Perché dovresti smettere di invitare ospiti a casa tua? La mia esperienza personale

Ricordo, ormai da molti anni, il giorno in cui decisi di non invitare più nessuno a casa nostra. Non è stato per mancanza di denaro avevo una piccola casa con giardino a Firenze, una cucina capiente e bastava mettere qualcosa in tavola. La decisione nasceva da una stanchezza profonda, non da un gesto di avarizia.

Il motivo principale era il tempo che si perdeva a cucinare per gli ospiti e a pulire dopo di loro. So bene cucinare, anzi, è una delle mie doti, ma non mi divertiva trascorrere mezza giornata tra pentole e fornelli. Per i miei figli, Giulia e Pietro, e per mio marito Luca, mi divertivo a inventare nuovi piatti; per gli ospiti, però, dovevo però impiegare tutta la mia energia a far gustare a tutti qualcosa di buono, senza alcuna ricompensa. Quando amici o parenti venivano, non avevo altra scelta se non dedicare ore alla cucina, mentre intorno a me la gente chiacchierava e si rilassava. Naturalmente, gli invitati non si offrivano di aiutare: erano venuti per riposare, non per dare una mano.

Dopo che se ne andavano, mi ritrovavo ancora a sistemare la casa. Non è che lasciassero mozziconi di caramelle sul pavimento o che la dimora diventasse un cumulo di spazzatura, ma lordine svaniva. I mobili venivano spostati, i giochi dei bambini finivano ovunque, la biancheria doveva essere cambiata, e le tovaglie rimanevano macchiate da colazioni improvvisate. Una volta, i piccoli hanno rovesciato una vasi sul davanzale: dovemmo raccogliere la terra, lavare il pavimento e ripiantare il fiore. A volte rompevano chiavistelli o maniglie delle porte.

Questi bambini, che non potevo sorvegliare costantemente, erano lasciati liberi da genitori distratti, intenti a conversare con altri parenti. Così, oltre a cucinare, dovevo anche rimettere a posto ogni cosa che loro avevano spostato o rotto.

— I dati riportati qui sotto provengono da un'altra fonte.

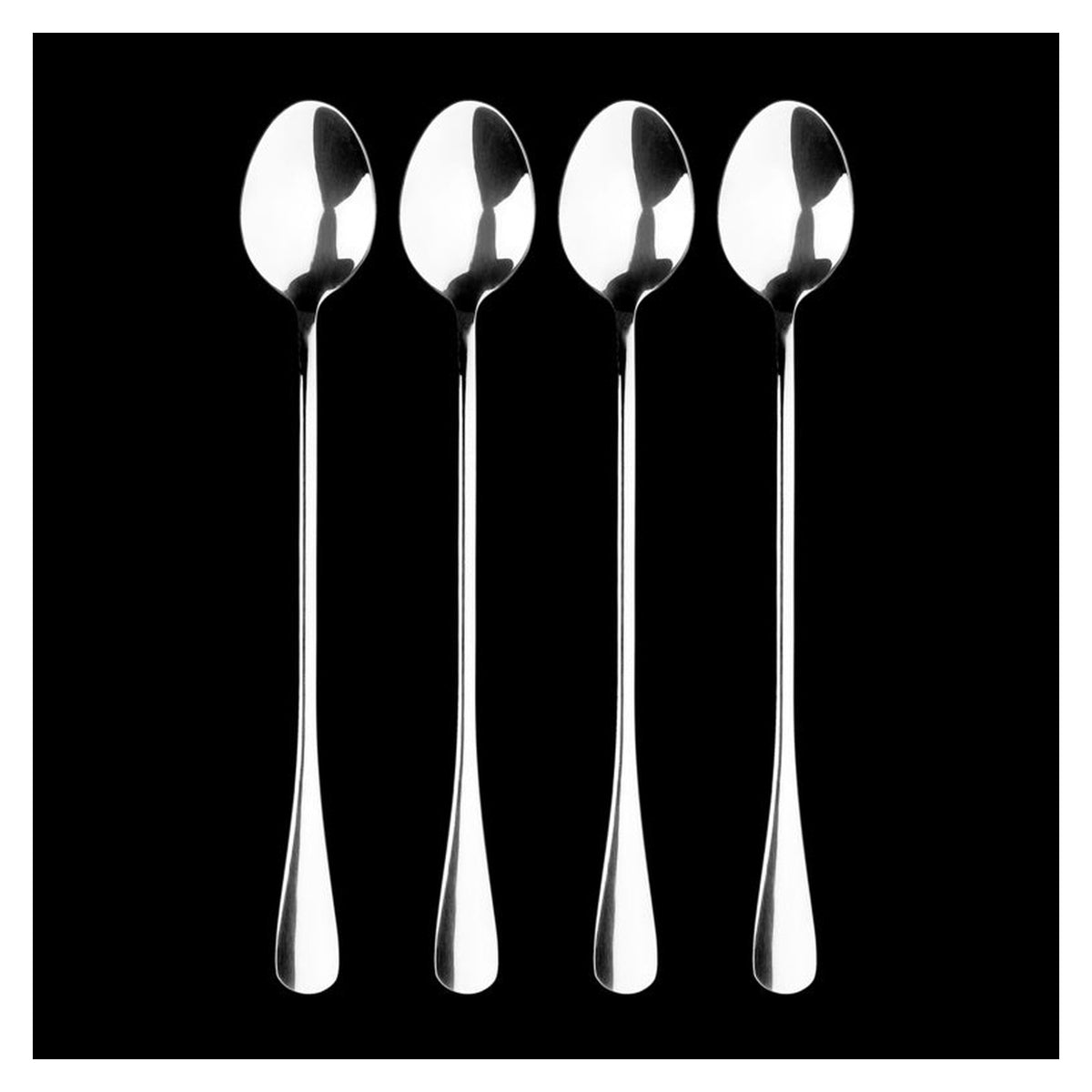Tala Performance stainless steel latte spoons set of 4, view 3
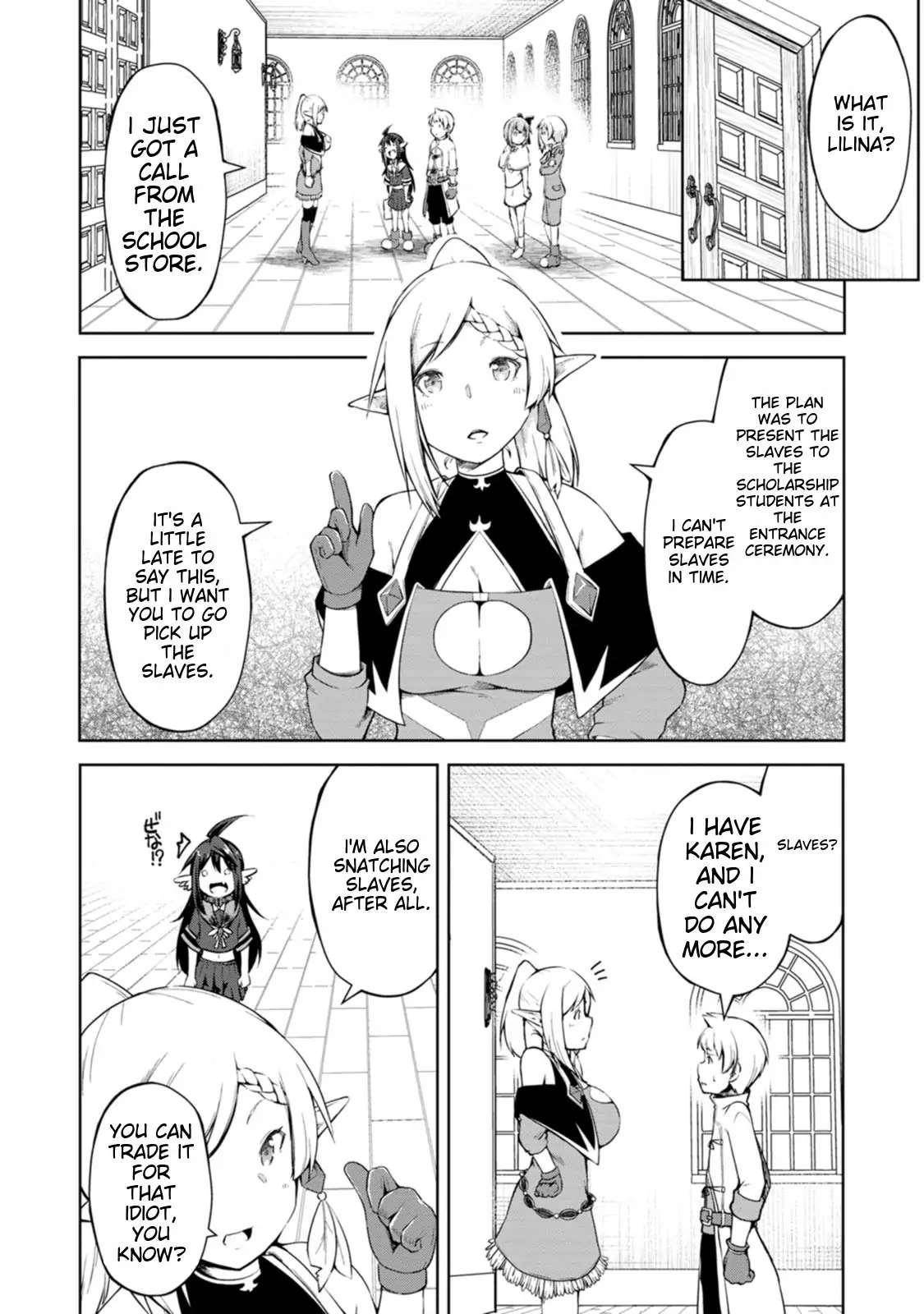 An Out of the Ordinary Magic Swordsman Brought up by a Nonstandard Hero Chapter 12 - Page 5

Gli ospiti, poi, sono curiosi di scoprire ogni angolo della nostra vita familiare. Quando sapevo che avrebbero fatto visita, non facevo più il bucato, nemmeno la biancheria intima, per non dover nascondere nulla. Cercavo di tenere tutto in armadi chiusi, ma loro insistevano sempre a chiedere di aprirli, a curiosare dentro. Alcuni esaminavano la cucina come se fosse un laboratorio, uninvasione del nostro spazio privato che mi metteva davvero a disagio. La nostra casa è piccola, con pochi mobili, vasi di terracotta e fiori sospesi; gli ospiti non perdevano occasione per strappare un rametto e portarselo via.

Per un certo periodo ho pensato di essere io il problema, di non sapere accogliere gli invitati. Ma, osservando quante volte avevo dovuto cucinare, pulire, sistemare, ho capito che non volevo più sprecare la mia energia in quel ciclo infinito. Preferisco incontrare gli amici per un caffè in una trattoria, fare una passeggiata lungo il fiume Arno e tornare a casa in una dimora pulita e ordinata, dove il silenzio è un rifugio e non un peso.